We are looking into support for other video sites - I wish there was a perfect
answer :)

------
dmix
I love this software, it's syncing with the start-up school was perfect
timing.

They should be working on some deals with seminars and other conventions to
get their videos online.

This is a good step forward towards open information.

------
hwork
What I like most about Omnisio (besides the Ozzie accents) is that they are
tackling structured video. It's a hard problem, but creating a system that
turns days worth of static conference footage into a highly navigatible (not a
word) site is pretty awesome.

I wanted to mention a similar open-source project whose creator I met at SDSH
24: MetaVid.com. It's built on a semantic version of MediaWiki and structures
the hell out of the Congressional video record. It's a pretty cool project.

------
melvinram
I love the way Omnisio works.

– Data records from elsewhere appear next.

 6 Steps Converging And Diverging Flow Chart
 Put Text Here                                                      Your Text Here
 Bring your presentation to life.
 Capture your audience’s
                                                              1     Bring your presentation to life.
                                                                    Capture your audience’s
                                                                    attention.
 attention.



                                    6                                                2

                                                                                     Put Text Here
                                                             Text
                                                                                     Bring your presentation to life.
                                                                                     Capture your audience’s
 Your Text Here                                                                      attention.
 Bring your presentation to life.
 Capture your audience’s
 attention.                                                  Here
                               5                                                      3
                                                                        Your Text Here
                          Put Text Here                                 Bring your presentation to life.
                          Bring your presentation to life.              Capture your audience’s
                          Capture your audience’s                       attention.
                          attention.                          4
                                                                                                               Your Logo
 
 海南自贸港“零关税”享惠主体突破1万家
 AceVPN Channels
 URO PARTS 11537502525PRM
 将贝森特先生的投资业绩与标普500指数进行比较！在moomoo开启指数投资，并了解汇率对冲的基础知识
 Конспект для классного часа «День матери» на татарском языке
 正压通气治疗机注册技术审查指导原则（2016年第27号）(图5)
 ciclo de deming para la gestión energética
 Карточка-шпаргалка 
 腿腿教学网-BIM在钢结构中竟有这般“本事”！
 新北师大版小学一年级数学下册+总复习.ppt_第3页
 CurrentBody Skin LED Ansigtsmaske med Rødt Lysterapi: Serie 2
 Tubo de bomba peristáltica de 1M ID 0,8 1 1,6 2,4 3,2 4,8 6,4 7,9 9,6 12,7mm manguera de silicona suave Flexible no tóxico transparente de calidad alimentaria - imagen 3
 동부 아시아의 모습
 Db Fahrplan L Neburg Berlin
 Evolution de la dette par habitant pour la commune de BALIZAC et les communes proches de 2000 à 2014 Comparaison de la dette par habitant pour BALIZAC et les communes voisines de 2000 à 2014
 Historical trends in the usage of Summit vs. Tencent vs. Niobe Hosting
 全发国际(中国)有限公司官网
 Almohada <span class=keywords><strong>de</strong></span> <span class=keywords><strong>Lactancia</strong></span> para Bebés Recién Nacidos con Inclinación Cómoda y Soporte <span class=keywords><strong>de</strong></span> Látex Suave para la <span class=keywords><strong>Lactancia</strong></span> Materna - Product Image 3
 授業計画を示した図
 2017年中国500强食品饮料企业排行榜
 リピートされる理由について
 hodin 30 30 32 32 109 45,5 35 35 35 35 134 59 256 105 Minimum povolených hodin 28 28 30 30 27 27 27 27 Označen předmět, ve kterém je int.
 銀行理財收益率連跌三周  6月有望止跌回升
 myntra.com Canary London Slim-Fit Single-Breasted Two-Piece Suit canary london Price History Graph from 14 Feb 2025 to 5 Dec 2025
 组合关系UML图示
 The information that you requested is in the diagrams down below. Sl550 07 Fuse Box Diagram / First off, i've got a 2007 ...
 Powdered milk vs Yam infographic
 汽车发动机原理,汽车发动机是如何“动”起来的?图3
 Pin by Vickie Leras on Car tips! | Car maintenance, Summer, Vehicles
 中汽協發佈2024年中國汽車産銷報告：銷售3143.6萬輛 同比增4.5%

I have lots of seminars I give so I'll be using
this a lot in the near future.

------
saket
this is pretty sweet. i really wanted this when I tried watching the
presentations from the Startup School. i could see this being used in higher
ed for distance learning or for recording lectures. more and more schools are
focusing on distance learning in the last few years because the technology is
finally getting viable.

------
ig1
Doesn't work on the Wii though (youtube/google video/iplayer all do).